### [WHAT YOU SHOULD DO]
The reply is to contain the full listing, repeated exactly, with pictures left out.

=== DATASET EXCERPT ===

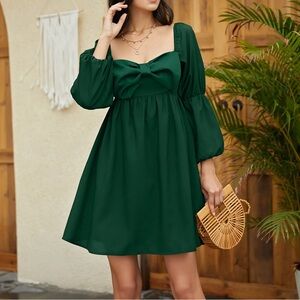 EXLURA Women’s Square Bow Neck Puff Sleeve Mini Dress
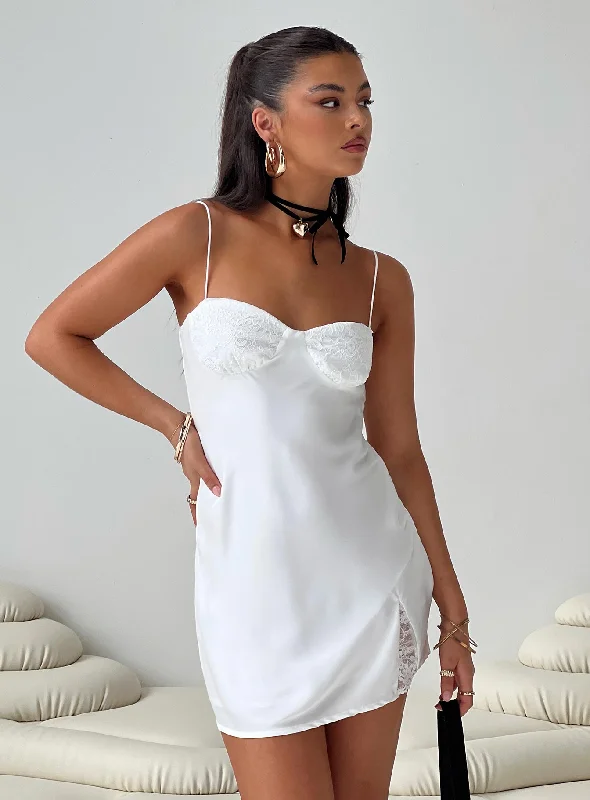 Velvet mini dresses for autumn weddings Tressa Mini Dress White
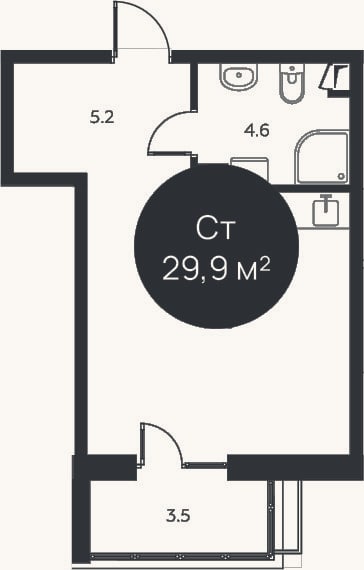 Планировка: Студия, 28,8 м²
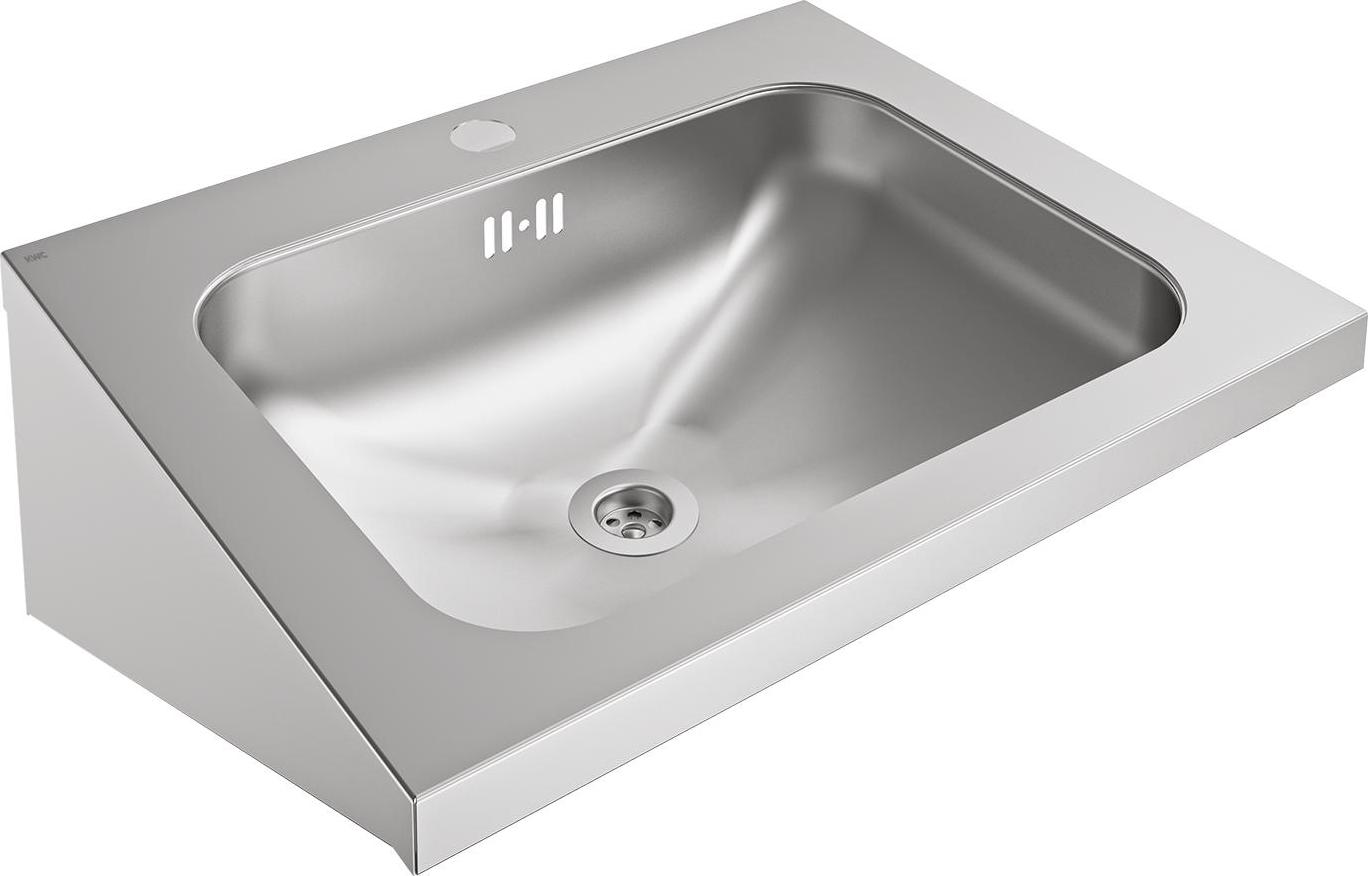 KWC AR Einzelwaschtisch, ANIMA, Edelstahl, 500x200x402 mm, m. Überl., m. Hahnl. 2000103764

===

### [YOUR SOLUTION]
 EXLURA Women’s Square Bow Neck Puff Sleeve Mini Dress
 Velvet mini dresses for autumn weddings Tressa Mini Dress White
 Планировка: Студия, 28,8 м²
 KWC AR Einzelwaschtisch, ANIMA, Edelstahl, 500x200x402 mm, m. Überl., m. Hahnl. 2000103764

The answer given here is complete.